Worker first, then Settler strategy

ÆnigmÆffect said:
I tried this strat again on an old game (a 4000bc save that, the first time around, I won via culture), and strangely, it seemed the AI kept up with my expansion rate somewhat. And not getting early religions early probably would've hurt my culture later on (I just played a few turns to check the strat out).

You make an important point here - to test a strategy against another one needs to use the same map, starting position, difficulty, etc, and ideally one will need to play a significant part of the game to judge the result. Naturally, a different map or different traits or different starting position will decorrelate the results with previous tests. This leads to the second important point - one has to be flexible in strategy. One needs to learn how to identify the strengths and weaknesses of the situation and play accordingly.

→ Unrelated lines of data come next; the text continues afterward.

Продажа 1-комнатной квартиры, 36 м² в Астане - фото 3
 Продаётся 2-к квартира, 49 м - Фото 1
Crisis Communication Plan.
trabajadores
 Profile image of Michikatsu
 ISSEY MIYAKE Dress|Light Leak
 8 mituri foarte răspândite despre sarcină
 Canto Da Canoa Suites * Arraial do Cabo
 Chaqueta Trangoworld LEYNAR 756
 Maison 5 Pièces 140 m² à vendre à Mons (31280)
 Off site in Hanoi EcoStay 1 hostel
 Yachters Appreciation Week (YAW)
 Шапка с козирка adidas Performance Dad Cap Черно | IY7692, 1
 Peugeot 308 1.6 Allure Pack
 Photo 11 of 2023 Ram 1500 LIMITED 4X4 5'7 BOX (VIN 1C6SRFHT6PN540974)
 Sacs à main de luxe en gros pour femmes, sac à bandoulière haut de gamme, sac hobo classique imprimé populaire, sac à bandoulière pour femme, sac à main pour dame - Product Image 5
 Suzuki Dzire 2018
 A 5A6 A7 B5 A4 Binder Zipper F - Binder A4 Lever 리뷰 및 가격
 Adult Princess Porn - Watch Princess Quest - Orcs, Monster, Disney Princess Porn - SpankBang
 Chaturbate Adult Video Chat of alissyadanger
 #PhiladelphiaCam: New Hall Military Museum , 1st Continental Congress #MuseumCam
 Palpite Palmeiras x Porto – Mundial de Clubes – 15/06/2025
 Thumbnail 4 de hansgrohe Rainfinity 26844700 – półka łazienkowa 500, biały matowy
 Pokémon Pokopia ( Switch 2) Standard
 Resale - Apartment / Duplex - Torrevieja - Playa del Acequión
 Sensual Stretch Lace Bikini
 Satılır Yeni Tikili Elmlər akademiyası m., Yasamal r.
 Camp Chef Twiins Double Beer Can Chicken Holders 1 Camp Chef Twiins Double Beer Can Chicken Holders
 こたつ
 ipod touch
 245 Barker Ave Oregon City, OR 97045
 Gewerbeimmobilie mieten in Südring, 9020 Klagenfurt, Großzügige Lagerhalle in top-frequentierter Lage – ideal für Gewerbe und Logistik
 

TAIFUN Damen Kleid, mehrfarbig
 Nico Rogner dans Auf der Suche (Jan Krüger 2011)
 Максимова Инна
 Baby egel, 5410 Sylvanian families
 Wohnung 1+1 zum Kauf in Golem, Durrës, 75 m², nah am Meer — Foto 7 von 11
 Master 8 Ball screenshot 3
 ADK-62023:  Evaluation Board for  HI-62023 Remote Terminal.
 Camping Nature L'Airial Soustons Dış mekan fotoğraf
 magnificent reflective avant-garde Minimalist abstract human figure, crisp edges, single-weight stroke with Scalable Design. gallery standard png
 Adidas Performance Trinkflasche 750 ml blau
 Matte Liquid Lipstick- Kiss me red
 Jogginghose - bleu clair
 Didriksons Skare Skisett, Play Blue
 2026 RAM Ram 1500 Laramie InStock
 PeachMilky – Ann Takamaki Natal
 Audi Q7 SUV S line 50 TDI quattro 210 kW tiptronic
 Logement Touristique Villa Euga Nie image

This is why I believe that although the strategies presented here are interesting and worth studying further, it's more satisfying to make decisions based on the situation rather than according to some dogma.

This is, of course, natural and I doubt anyone disagrees with me on this point - but it is important to remember that hundreds of years of scientific effort has clearly shown a hypothesis must be proven using repeatable and controlled experiments. It would take a lot of time and effort to do this properly.

As for me? I'd rather just kill some axemen :D
 
I've perused the thread, and may have missed an answer to this question...sorry if this has been covered...and that it is only peripherally related...but I don't think it warrants its own thread...

I seem to spend a lot of early turns (like maybe through the first 30 - so through a Barracks and a settler build, for instance) with a warrior or scout exploring on autoexplore and otherwise wasting turns waiting for a city to build stuff. Am I too ambitious with what I try to build early (i.e. should I opt for things with shorter build times), or is this just something we all have to deal with early on?

I often have the feeling my time isn't being used as wisely as it could be.
 
There isn't much to do other than explore. If your warrior/scouts are on auto, then you'll pretty much just be hitting "end turn" while you wait for something to finish.

When you get a worker, you'll get some super hot action going on. Unless you auto him too.
 
Yeah, that's what I figured. It's just something that's bugged me since Civ II and I wondered if people have come up with ways to maximize the usefulness of those first few turns.
 
Puppeteer said:
I kind of like this idea. I don't think I'd do it to 4 cities or send the settler out without so much as a scout, but I think I'll try a variation:

Worker, settler, (w/bronze working, and as remconius pointed out in another thread you start with +8c from the palace), but send the warrior or scout to make sure the path to found the city is safe before sending the settler. (Done ahead of time, of course, so the settler starts moving as soon as he's made.)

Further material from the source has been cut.